Он засмеялся и погладил мои волосы.


 А я пришёл разбиться.


 Вот твоё беспомощное тело,  я пролила вино на его живот.  Вот твоя кровь,  и кончиком языка начала давить красные капли. Он напрягся и задышал тяжелее.  Вот твой ад.

Это случилось в городе, к которому я снова вышла из вагона.

#

Кай мог бы быть другим, но не был. Мог создавать огромные полотна, выдавать их за шедевры  и убеждал бы всех. Но предпочёл каллиграфить по человеческому телу.

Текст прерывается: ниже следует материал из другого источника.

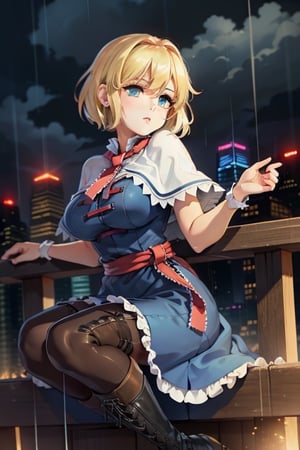 city, night, clouds, rain, alice margatroid, shanghai doll, 1girl, blonde hair, blue eyes, capelet, boots,dress,sash, bow, hair bow, short hair, cross-laced footwear, blue dress, lace-up boots, big breasts, pantyhose, curvy,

Мы не знали, как долго он сидел в тени своего таланта. Возможно, всю жизнь. Ману нашёл его в подвале собственного дома, где клуб татуировщиков делал в бизнесе первые шаги. Кай приходил к ним поболтать и послушать оперу на ужасающей громкости средь бела дня. Татуировщиков он снабжал краской, которую пёр неизвестно откуда, и это засчитывалось за входной билет.

Ману был вхож везде.

Так в подвале под апокалипсического Вагнера состоялась встреча двух людей, которым никто до этой минуты не был по-настоящему интересен.

Ману не отлипал от Кая. Их каждый день видели вместе.

А если бы следили за Каем, то каждый час.

Не знаю, подпитывали ли они друг друга, но Кай продолжал не рисовать шедевры, а Ману просто был и вводил собой в ступор мир.

Я присоединился позже. Однажды шёл за Ману по набережной до самого центра города, одной из его площадей, потом в петляющие переулки, потом до самой двери Ману. Возможно, в переулках он хотел от меня скрыться, но вериться с трудом, что не сумел.